What the task requires: The whole listing that follows, pictures excepted, should be printed again exactly as given.

Data below:
□ □ □ □ □
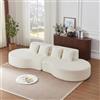 Generico Divano modulare in schiuma, divano componibile senza struttura a 2 pezzi, 100% schiuma memory ad alta densità, rivestimento in velluto sfoderabile e lavabile, divano in stile moderno. (Beige)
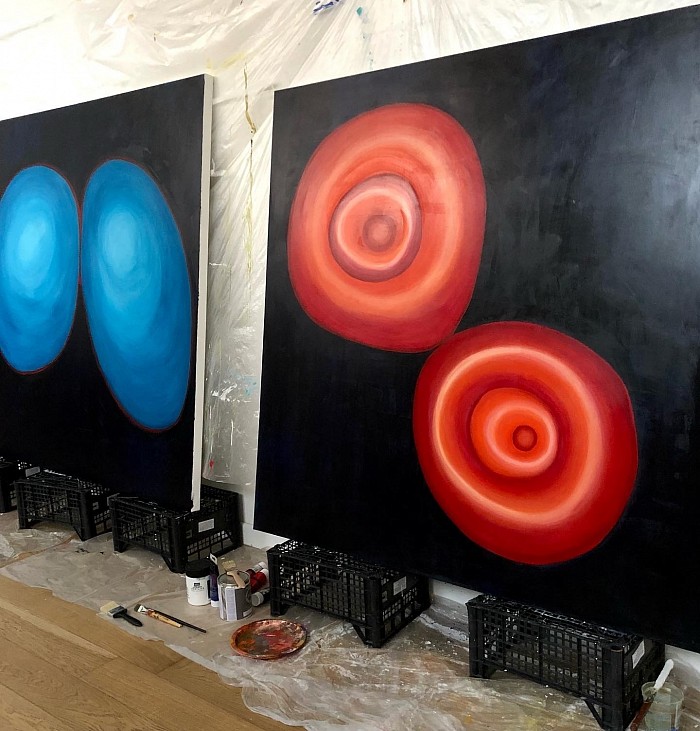 Cristina Pavesi, artista, acrilici su tela, studioview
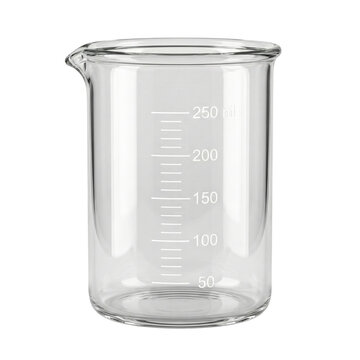 Graduated glass laboratory beaker 250ml on transparent background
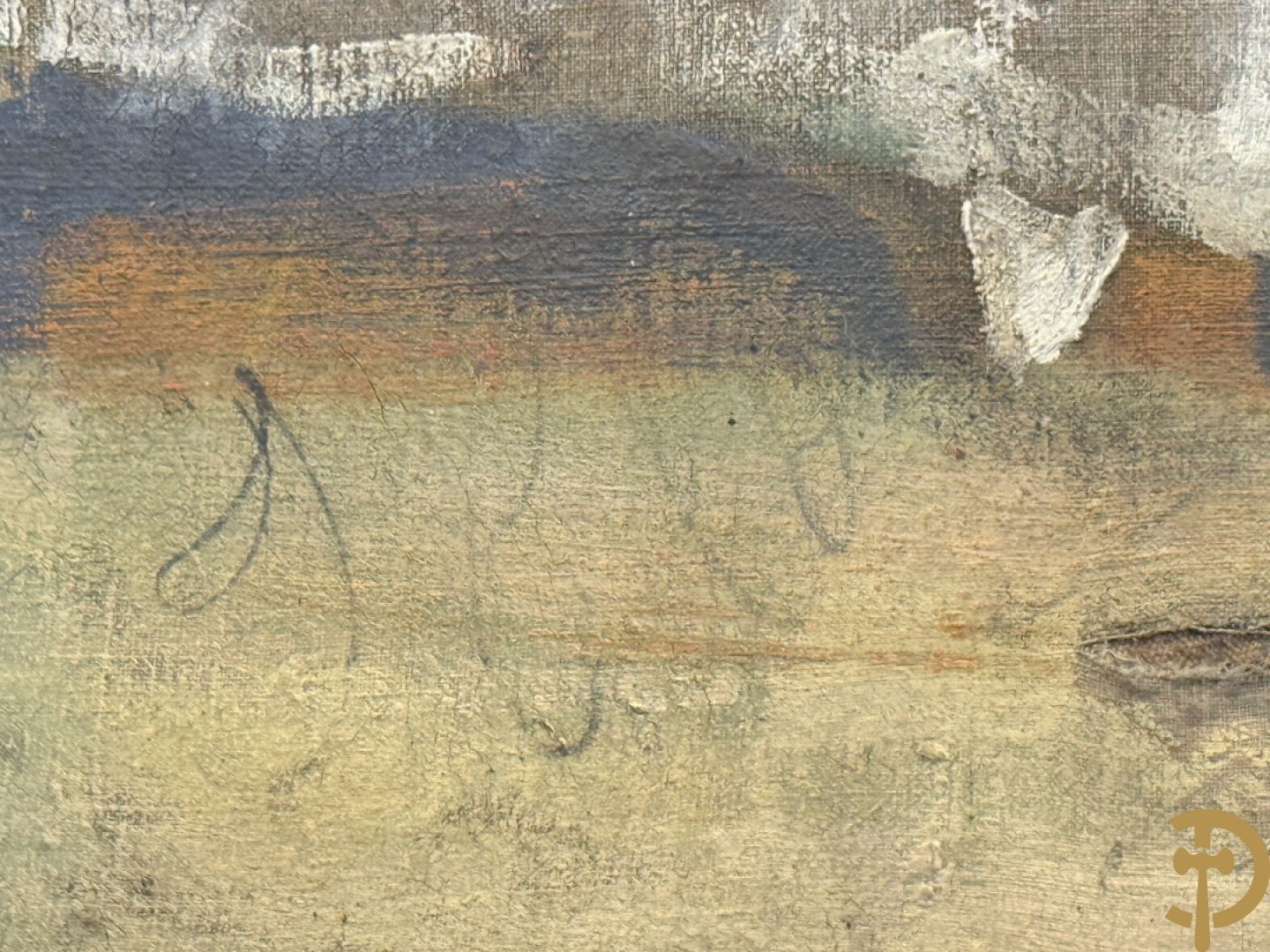 Onleesbaar getekend links onder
□ □ □ □ □
Answer to this exercise:
 Generico Divano modulare in schiuma, divano componibile senza struttura a 2 pezzi, 100% schiuma memory ad alta densità, rivestimento in velluto sfoderabile e lavabile, divano in stile moderno. (Beige)
 Cristina Pavesi, artista, acrilici su tela, studioview
 Graduated glass laboratory beaker 250ml on transparent background
 Onleesbaar getekend links onder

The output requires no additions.